En su comportamiento cotidiano, Camus no apelaba a ningún orden establecido, a ningún valor admitido ni a ninguna rutina social. En cada momento y para cada decisión reinventaba su propia moral. Le gustaba la compañía de los marginales y las prostitutas (que le proporcionaban, según él, un enriquecimiento superior), lo cual le acercó a Dostoyevski. La vida <<regular>> sólo se justificaba para él en los períodos de trabajo intenso. En el placer, se entregaba con una violencia exaltada, con un misticismo pagano; como Lorca. Este respeto por la felicidad le hacía horrorizarse ante cualquier cálculo, cualquier acomodo, cualquier costumbre. Entres las conversaciones que mantuvo conmigo no hay ni una que no contenga un cuestionamiento total del orden burgués. Por ejemplo, sobre la manera en que la burguesía había transformado desde hacía siglos las relaciones entre las personas; sobre el carácter constreñido de unos seres <<cerrados en sí mismos, que sólo huyen del banco de hielo de París para marchar a su repugnante residencia en el campo>>. Camus pensaba, en resumen, que la burguesía sólo tenía realidad en el despotismo de la impostura, caracterizado por el desprecio; un desprecio que la burguesía no podía menos de provocar por su propia esencia. Hoy, sin embargo, en 2006, cuando ya no existe el pueblo, esta noción de <<burgués>> debe revisarse cada cinco años.

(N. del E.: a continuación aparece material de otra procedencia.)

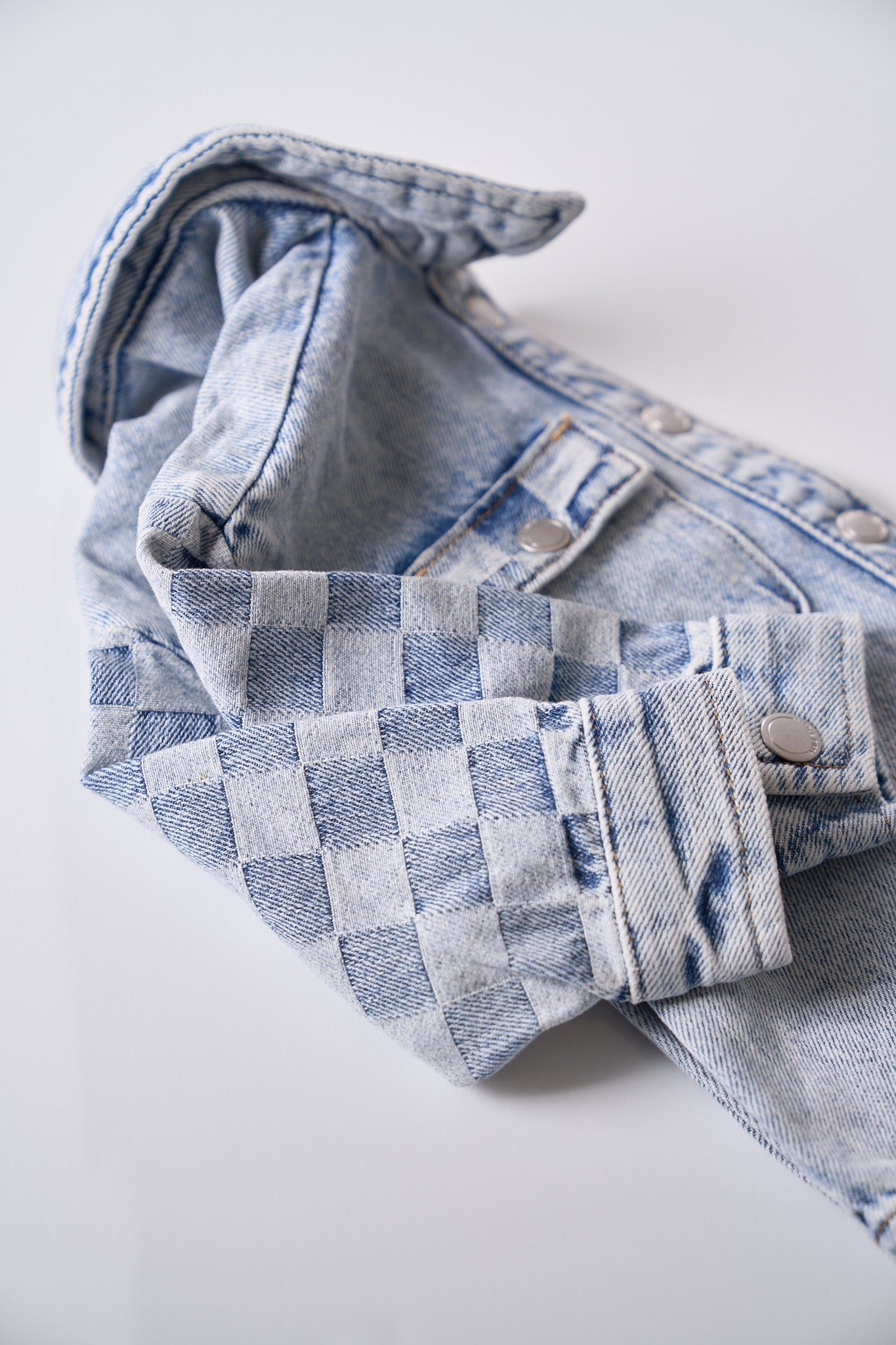 Men's Light Wash Checkered Denim Shacket - Casual Overshirt for Fall & Winter | Streetwear, Layering, Outdoor Activities
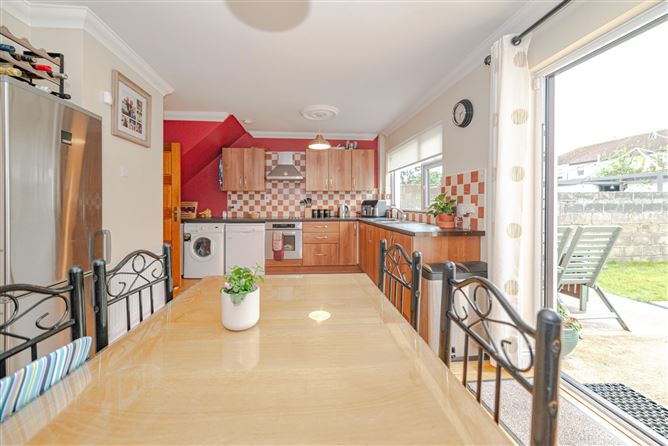 15 Hillcrest Lawns, Hillcrest, Lucan, Dublin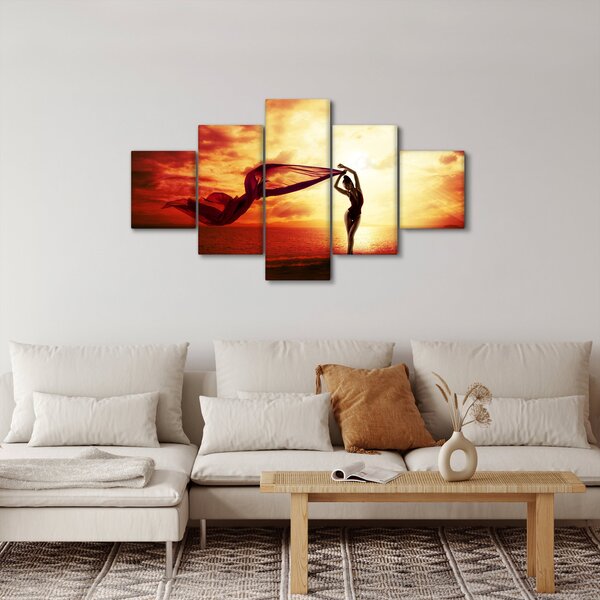 Obraz - Silueta ženy v západu slunce (125x70 cm)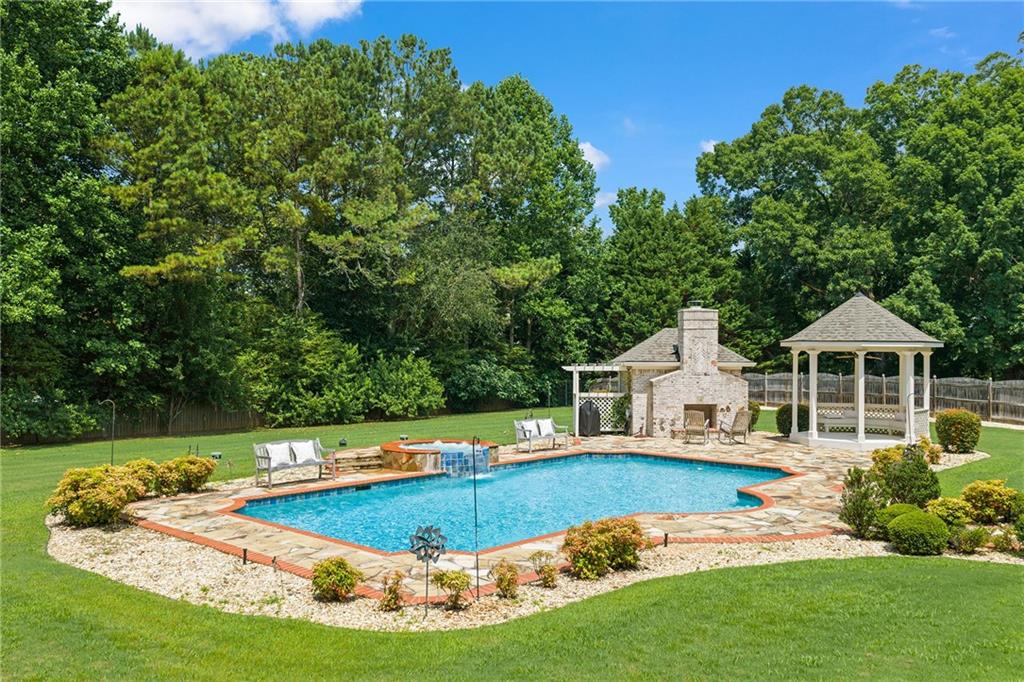 120 Roxbury Row Milton, GA 30004 - Photo 16 of 94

Había, eso sí, una preocupación por la coherencia, que a algunos debió de parecerles un insulto en aquellas décadas marcadas por una especie de puritanismo revolucionario. Recuerdo un día en que estábamos sentados en la terraza de un café con Louis Guilloux, Guilloux y yo volvíamos de una sesión de la Société Européenne de Culture celebrada en Venecia, una sociedad de la que Camus acababa de dimitir, incapaz, según decía, de enfrentarse a las obligaciones que conllevaba su adhesión. Guilloux terció para decir que los trabajos de la Sociedad le <<fastidiaban>>. Estaba harto de oír a artistas y escritores confundir la moral y la creación. Citando al poeta irlandés W.H. Auden, dijo: <<El arte sólo se nutre de aquello que la cultura condena>>. Y desarrolló la idea de que los artistas contribuían mediante una vida amoral a la construcción de una cultura que podía desembocar en un actitud moral, pero que no tenía por qué preocuparse de que las cosas fueran así. Camus comenzó esbozando una sonrisa de aprobación cómplice; luego respondió que no podíamos resignarnos a ello, que era necesario encontrar lo que estaba viciando en el arte, en la cultura o en las relaciones entre ambos. Se puede aceptar el absurdo entre el ser humano y el mundo, dijo en sustancia el autor de El mito de Sísifo, pero no el absurdo entre las personas.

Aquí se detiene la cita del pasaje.